WHAT IS BEING ASKED: Would you please restate all of the entries exactly, apart from the pictures?

(Image-text web data)
Segment Open

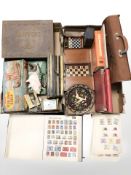 Assorted stamp albums, games, Merit model set, cash tin, slipper box,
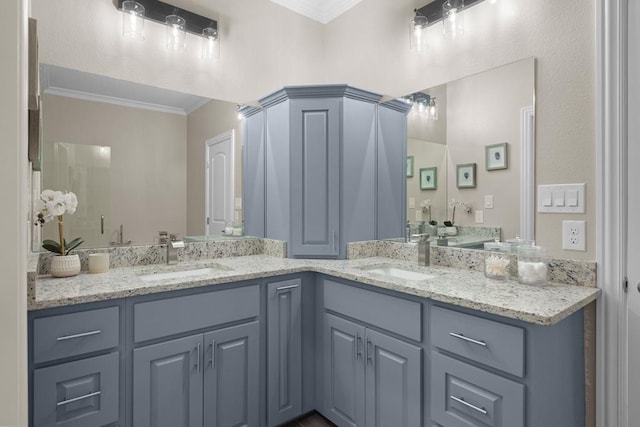 bathroom featuring vanity, an enclosed shower, and ornamental molding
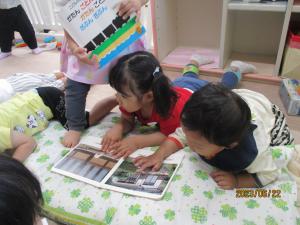 寝転んで絵本を見る　1歳児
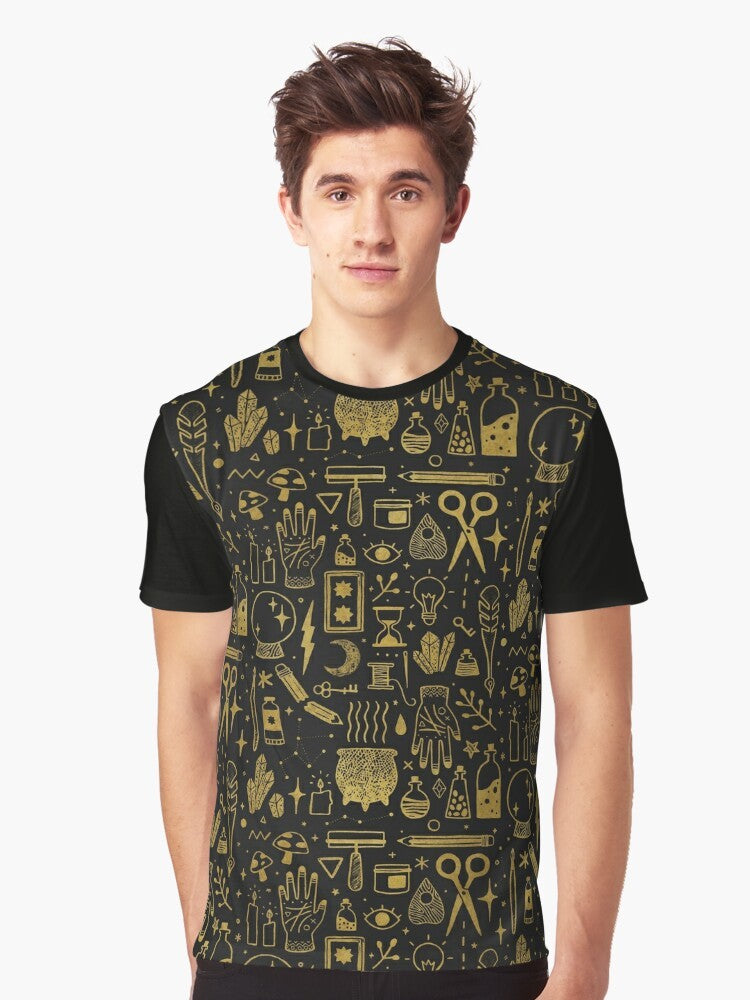 A gold and black graphic t-shirt featuring the words "Make Magic" with occult and witchy elements like a cauldron, mushrooms, and tarot cards. - Men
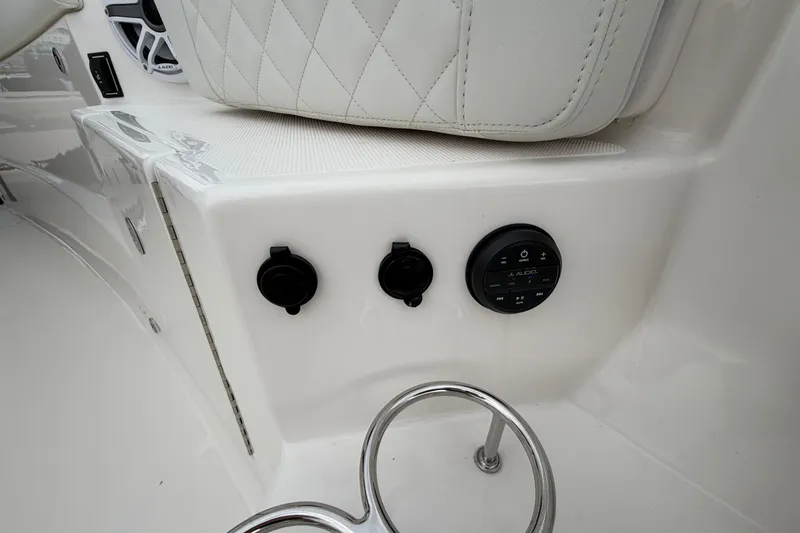 Slide: The Image of 2024 Pursuit S 328 Sport boat interior with audio controls and cup holder. - 25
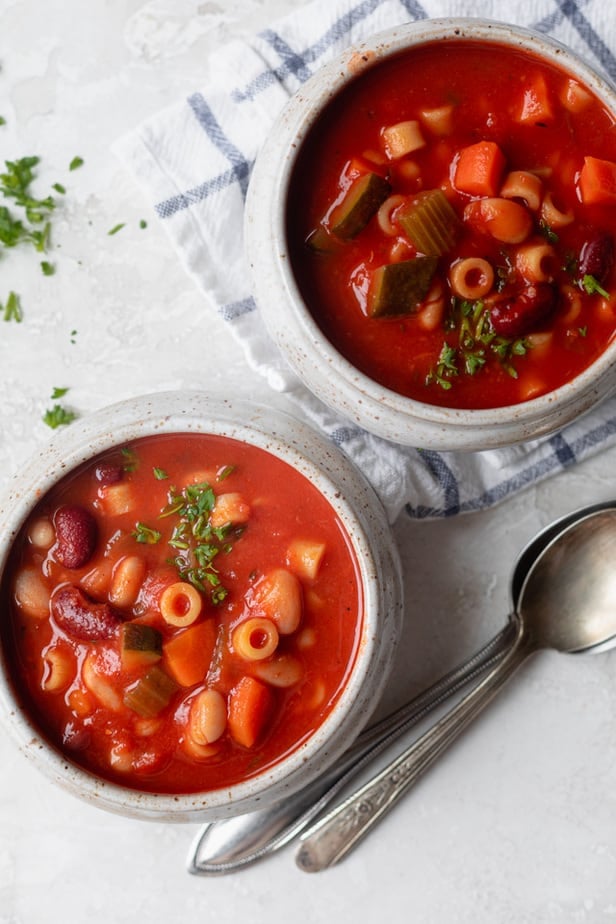 Zwei Becherschalen voller vegetarischer Minestronesuppe mit Löffeln daneben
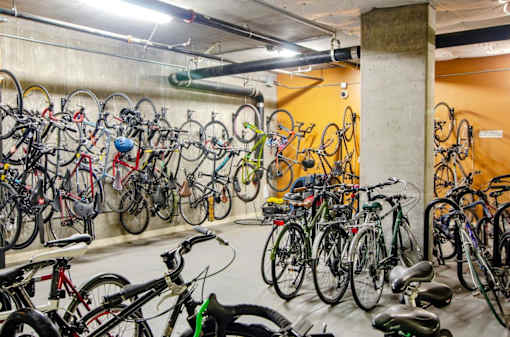 A bike rack full of bicycles in a parking garage.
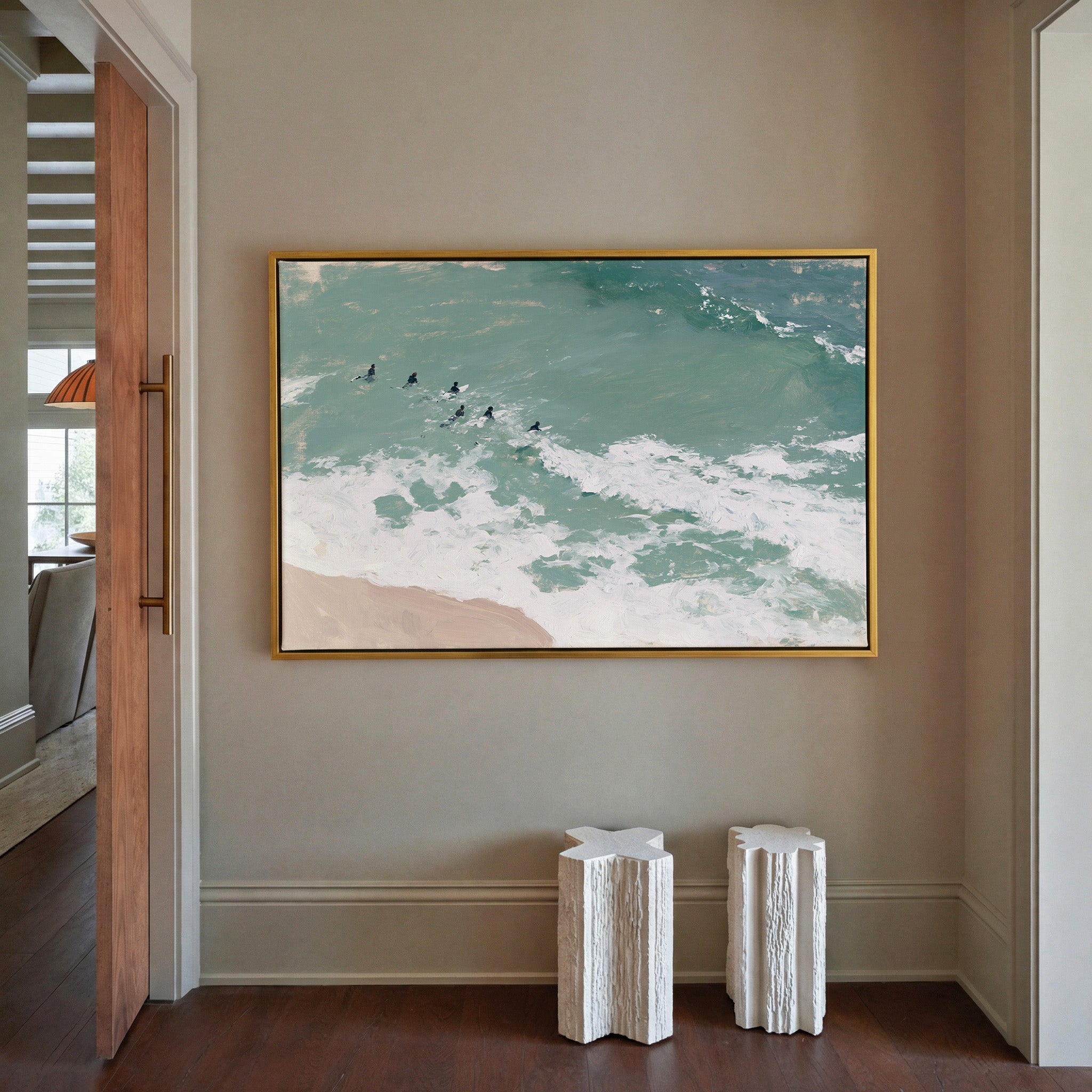 turquoise surf with small figures beyond the canvas wall art in a gold frame in a styled room setting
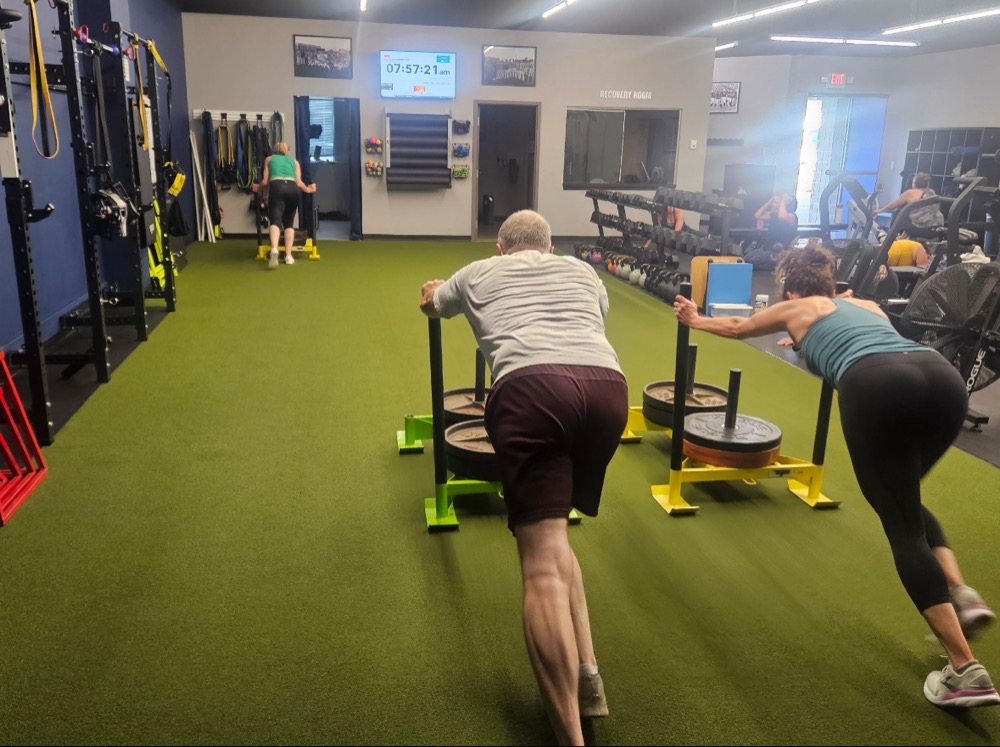 Adults pushing weighted sleds across the turf during a Pinnacle class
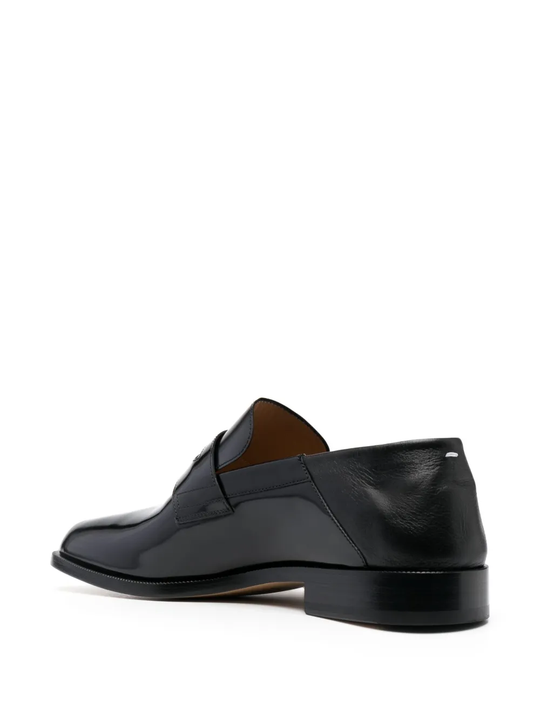 Black loafers,back view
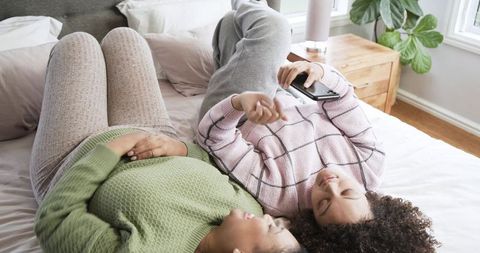 Female friends sharing smartphone and laughing while lying head-to-head on cozy sunlit bed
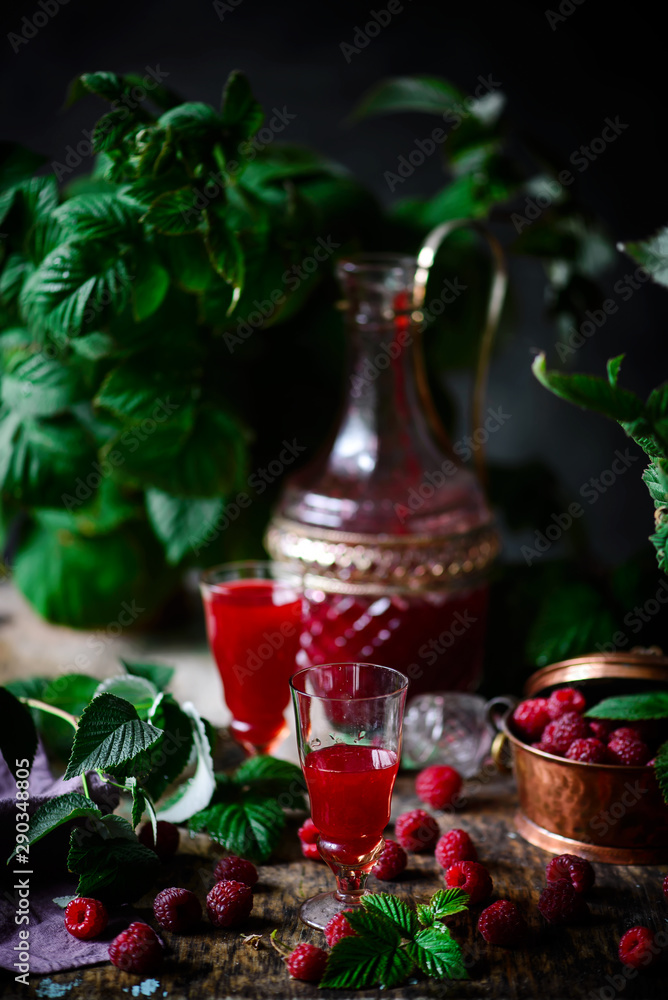 raspberry liquor...style rustic. selective focus raspberry liquor...style rustic. selective focus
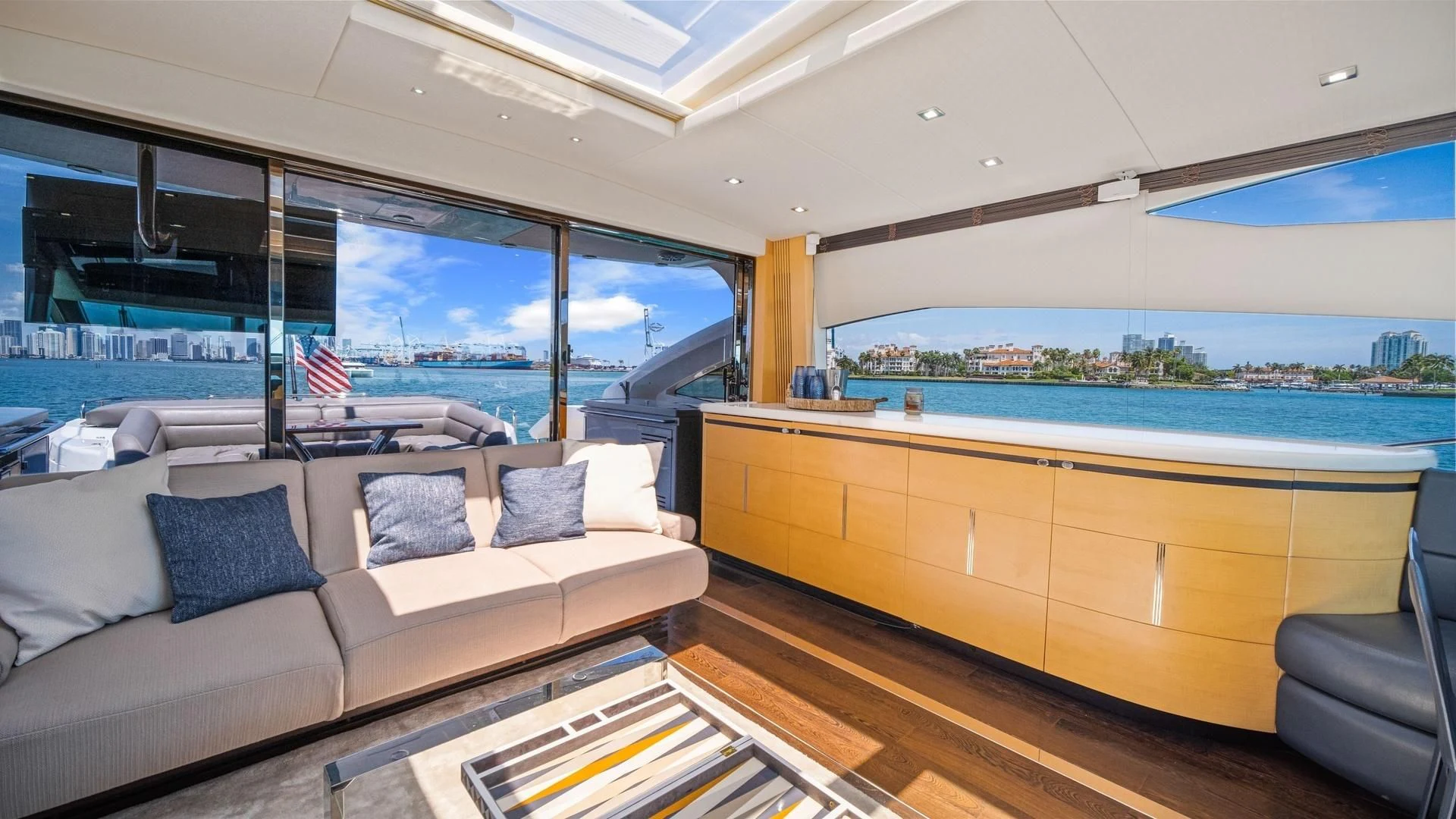 a living room with a large window aboard WOODEVER Yacht for Sale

Segment Closed

REPLY:
 Assorted stamp albums, games, Merit model set, cash tin, slipper box,
 bathroom featuring vanity, an enclosed shower, and ornamental molding
 寝転んで絵本を見る　1歳児
 A gold and black graphic t-shirt featuring the words "Make Magic" with occult and witchy elements like a cauldron, mushrooms, and tarot cards. - Men
 Slide: The Image of 2024 Pursuit S 328 Sport boat interior with audio controls and cup holder. - 25
 Zwei Becherschalen voller vegetarischer Minestronesuppe mit Löffeln daneben
 A bike rack full of bicycles in a parking garage.
 turquoise surf with small figures beyond the canvas wall art in a gold frame in a styled room setting
 Adults pushing weighted sleds across the turf during a Pinnacle class
 Black loafers,back view
 Female friends sharing smartphone and laughing while lying head-to-head on cozy sunlit bed
 raspberry liquor...style rustic. selective focus raspberry liquor...style rustic. selective focus
 a living room with a large window aboard WOODEVER Yacht for Sale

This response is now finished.